May the best team win !!


Sunday, November 21, 2010

Kiwi resilience and Aussie (crisis of) confidence...

The past week has been interesting, not least because of Test match cricket played at three different places across the world. In the Emirates, Pakistan and South Africa played out for a draw in the First Test, but not before the Pakistanis gave a good account for themselves in the fourth innings (so much so that Misbah-Ul-Haq, their latest captain, actually termed the result as equivalent to a win !!). The star there, in that innings, was of course, their comeback king Younis Khan with a fluent century. Though the Proteas were never in danger of losing, the strong Pakistan rearguard action means the second test would be interesting to watch. Over in Galle, the West Indies surprised most observers (including, perhaps, themselves) by asking Sri Lanka to follow-on on home soil (the last time it happened was in 1983 !!). There, it was the Gayle-force that did Sri Lanka in the first couple of days. Quite simply the most nonchalant and flamboyant cricketer around today, Gayle joined a select band of batsman who have scored two triple hundreds in Tests.
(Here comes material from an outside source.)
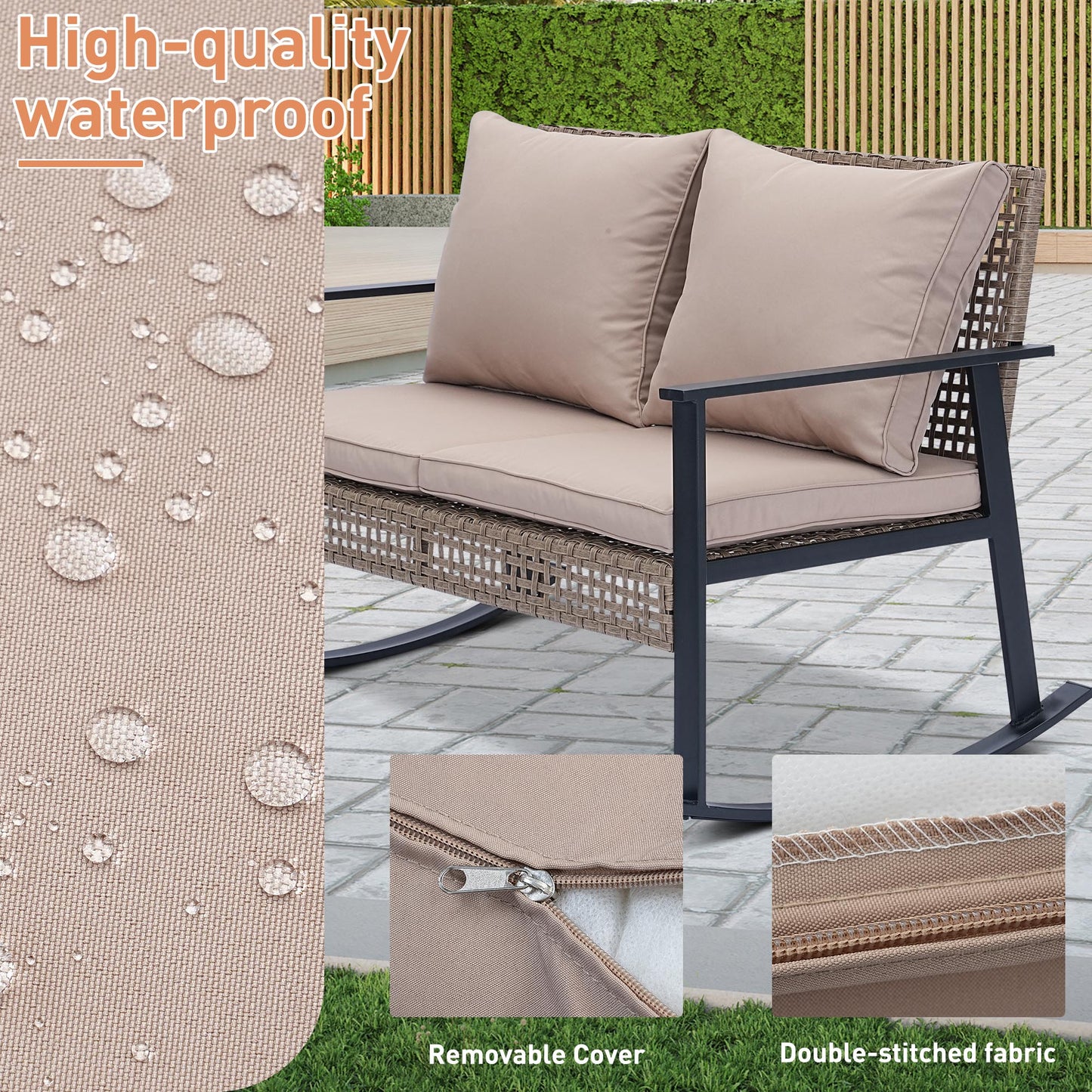Ainfox Outdoor Patio Furniture Rocking Loveseat, Wicker Rattan Sofa
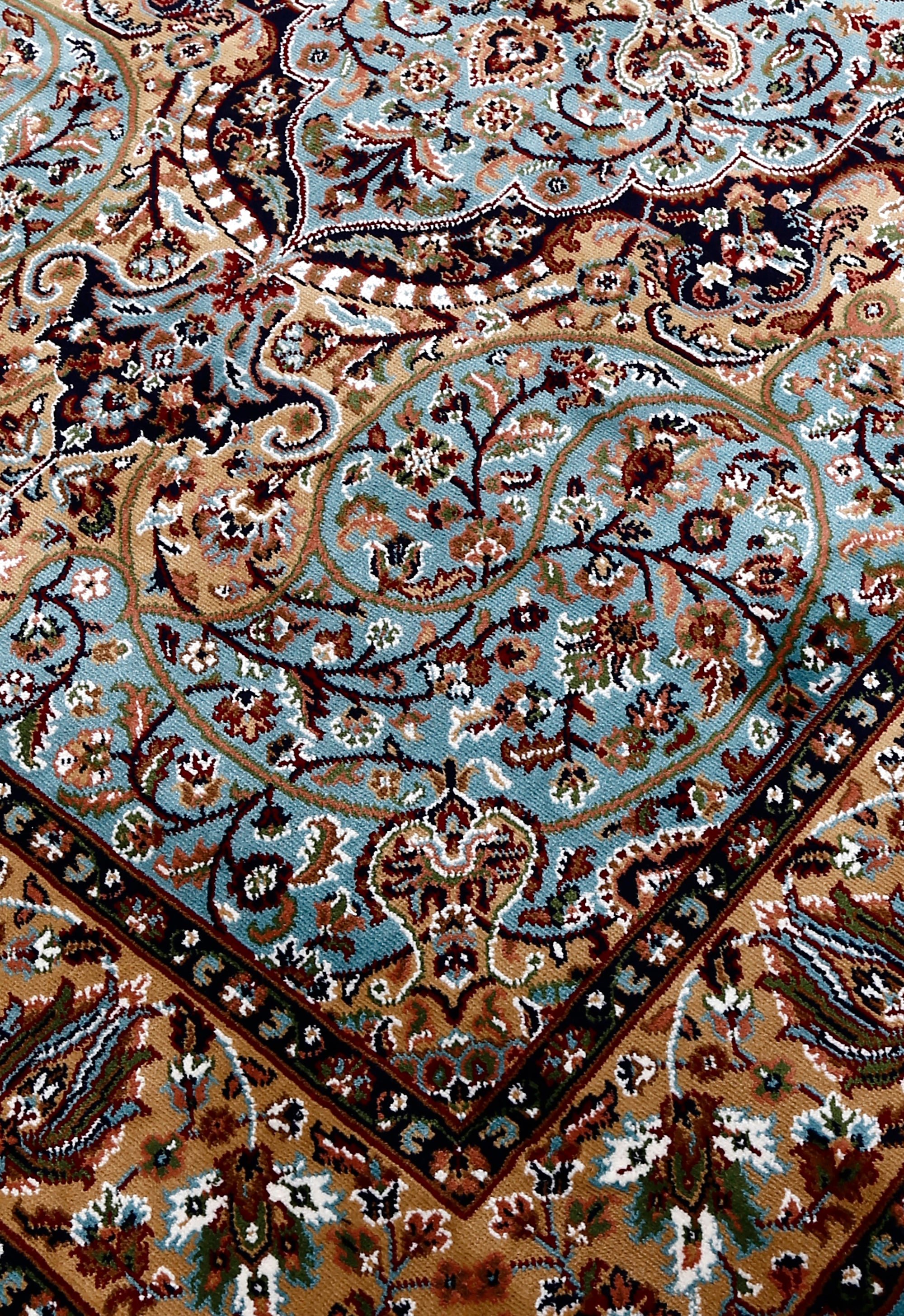 Close-up texture of Sky Blue Machine Woven Classic Art Silk Rug showing intricate floral motifs and smooth Art Silk surface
And it lent further credence to the theory that the batsman most likely to break Lara's 400s would be a free-stroking dare-devil like Sehwag or Gayle rather than their technically accomplished, infinitely patient peers.
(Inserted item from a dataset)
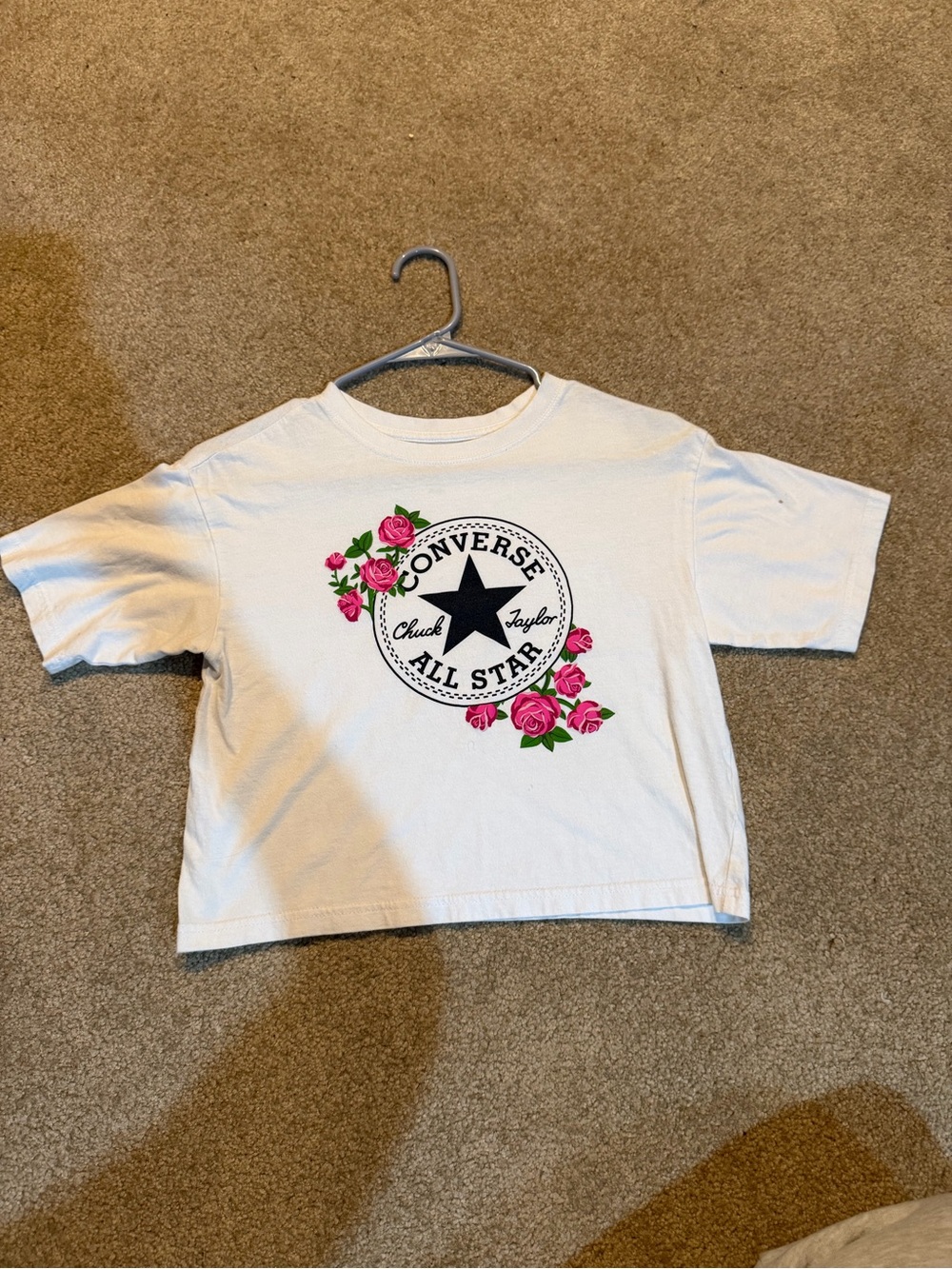 Converse Cropped White Tee with Pink Rose Floral All Star Logo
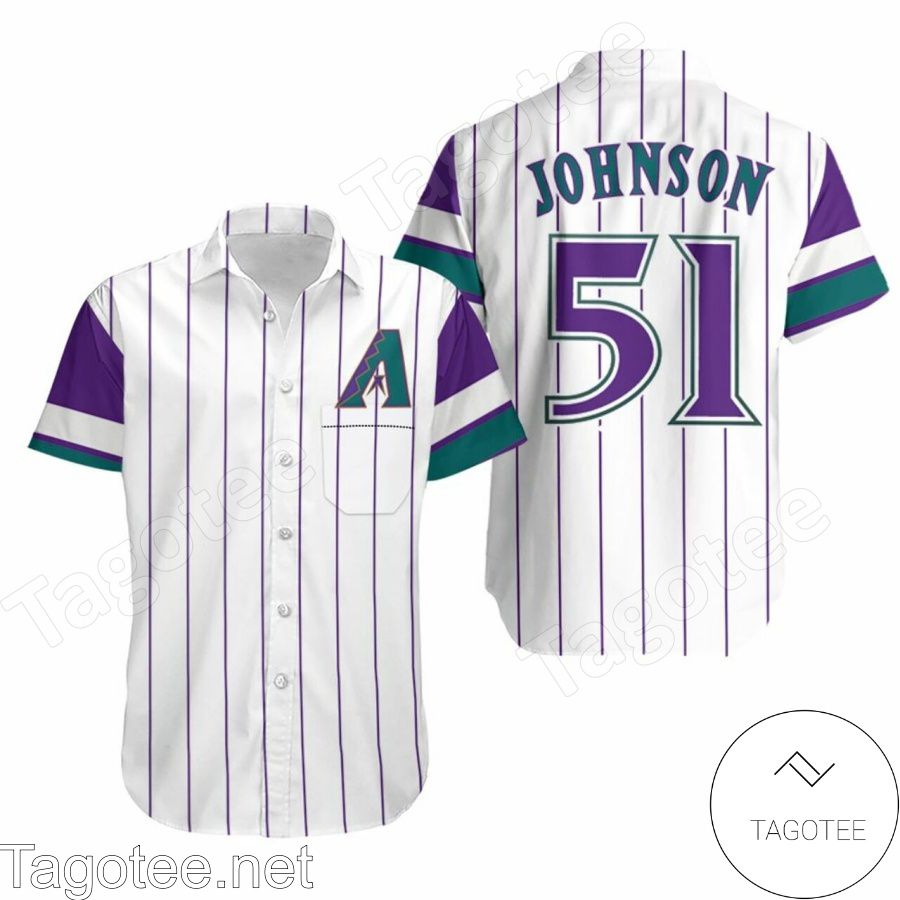 Arizona Diamondbacks Randy Johnson 51 Mlb White Purple Jersey Inspired Style Hawaiian Shirt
However, the big match of the week was the second test between India and New Zealand, which saw test cricket return to Hyderabad after 22 years. And again, it was a case of the Indians failing to drive home the advantage on the fourth and fifth days at home. This allowed New Zealand to post a strong second-innings total and to leave Hyderabad with a moral victory under their belts. Given that they had also reduce India to 15-5 on the fourth evening at Ahmedabad, it no longer looks a battle between No. 1 and No. 8. Indeed, should India not be able to win at Nagpur, it would be regarded as a series victory for the Kiwis. And to add, it would prove invaluable practice on Indian tracks ahead of the World Cup in February. After the hammering at the hands of the Bangladeshis, Vettori and his men have bounced back very well, showing that New Zealand, with their strong work ethic that more than makes up for their limited talent, should never be taken lightly.

 Of course, no discussion these days excludes the Ashes. And in the run up to the first test at the Gabba next week, the Aussie selectors announced a team of 17 for the Gabba !!!! It left me dumbstruck. I have never, ever, heard of a home team announce a squad of 17 for a single game. And I am not sure whom it helped, if any.  The ostensible reason given in the press is that to cover for injuries and to keep everyone, including the seniors, on their toes If so, surely a private word from the selectors and captain to the fringe players would have helped. Announcing a squad bigger than the entire touring party surely would not have given a Marcus North or a Xavier Doherty any comfort or confidence, For a team that used to announce its final XI a day before the match (so that the 12th person could be released to play domestic cricket), this has been quite a fall. And it betrays a lack of confidence in a shaken Aussie setup after their losses in India and against Sri Lanka.  England has never had conditions so much in their favour even before the first ball is bowled. They better capatilize, else they have no one else to blame.